I’ve always been a huge fan of acapella, and I wondered: is it possible to recreate any song using only mouth-made sounds? Well this project answers that question.
This project builds a pipeline that:
- Ingests hundreds of acapella “instrumental” tracks
- Slices them into short segments
- Embeds each slice with a pretrained audio model
- Indexes those embeddings with FAISS
- Converts any input song by matching its instrumental sections to your acapella library, time-stretching and stitching together a brand-new acapella “instrumental,” then layering back the original vocals
- Modular pipeline: clear separation of data ingestion, embedding, matching, synthesis, and orchestration
- Pretrained embeddings: uses Wav2Vec2 for robust audio features
- Fast nearest-neighbor search with FAISS
- Time-stretching & cross-fade assembly to avoid pops and align durations
- CLI tools for ingestion, index building/updating, and conversion
audiorecast/
├── README.md
├── pyproject.toml
├── src/
│ └── audiorecast/
│ ├── data/
│ │ ├── downloader.py # YouTube → WAV
│ │ ├── stem_splitter.py # Demucs wrapper & 4→2 stem merge
│ │ └── segmenter.py # Chop stems into fixed windows
│ ├── embedding/
│ │ └── extractor.py # Wav2Vec2 feature extractor
│ ├── matching/
│ │ ├── index_builder.py # Build embeddings.npy + FAISS index
│ │ └── matcher.py # Query FAISS for top-k matches
│ ├── synthesis/
│ │ ├── synthesizer.py # Time-stretch pads slices
│ │ └── assembler.py # Cross-fade & concatenate
│ └── pipeline.py # End-to-end conversion logic
├── scripts/
│ ├── ingest_acapellas.py # Download, split, slice
│ ├── build_faiss_index.py # Full rebuild
│ └── convert_song.py # Given input → acapella-style output
└── data/
├── ingest/ # .txt playlists of YouTube URLs
├── raw/ # Downloaded WAVs + stems + slices
└── embeddings/ # embeddings.npy, paths.jsonl, .faiss
Input Song: 🎧 Stereo_Hearts_acapella.mp3
Output (acapella-recast): 🎤 Stereo_Hearts_acapella.wav
Spectrogram comparison:
Obviously, the results aren’t perfect, yet. With a larger acapella database, better matching heuristics (re-ranking matches with cosine similarity + timing loss), and future improvements in synthesis, the output quality will significantly improve.

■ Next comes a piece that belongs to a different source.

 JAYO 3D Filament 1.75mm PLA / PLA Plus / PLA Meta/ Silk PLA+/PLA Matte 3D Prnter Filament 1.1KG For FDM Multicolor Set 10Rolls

This is just the starting point, there's a lot of exciting room to grow.
You can run this project directly via Docker:
Build locally:
docker build -t audiorecast .
git clone https://github.com/Codingisinmyblud/audiorecast.git && cd audiorecast
-
Install Poetry (if you don't have it yet):
https://python-poetry.org/docs/#installation -
Install project dependencies:
poetry install
This project is just the beginning. Here are some directions I plan to explore:
- Expand the acapella database for more diverse sounds
- Improve matching using music-specific audio embeddings (e.g. CLAP or MERT)
- Add beat-aware slicing and better tempo alignment (dynamic time warping, etc.)
- Explore smarter re-ranking (combine cosine similarity with timing constraints)
- Speed up pipeline using multiprocessing or batch inference
- Build a web interface for real-time previews and remixing
Have more ideas? Open an issue or PR, contributions are welcome!
Pull requests welcome. For major changes, open an issue first.
- Fork the repo
- Create your feature branch (
git checkout -b feature/foo
) - Commit your changes (
git commit -m 'Add foo'
) - Push and create a PR
This project is licensed under the MIT License. See LICENSE
for more info.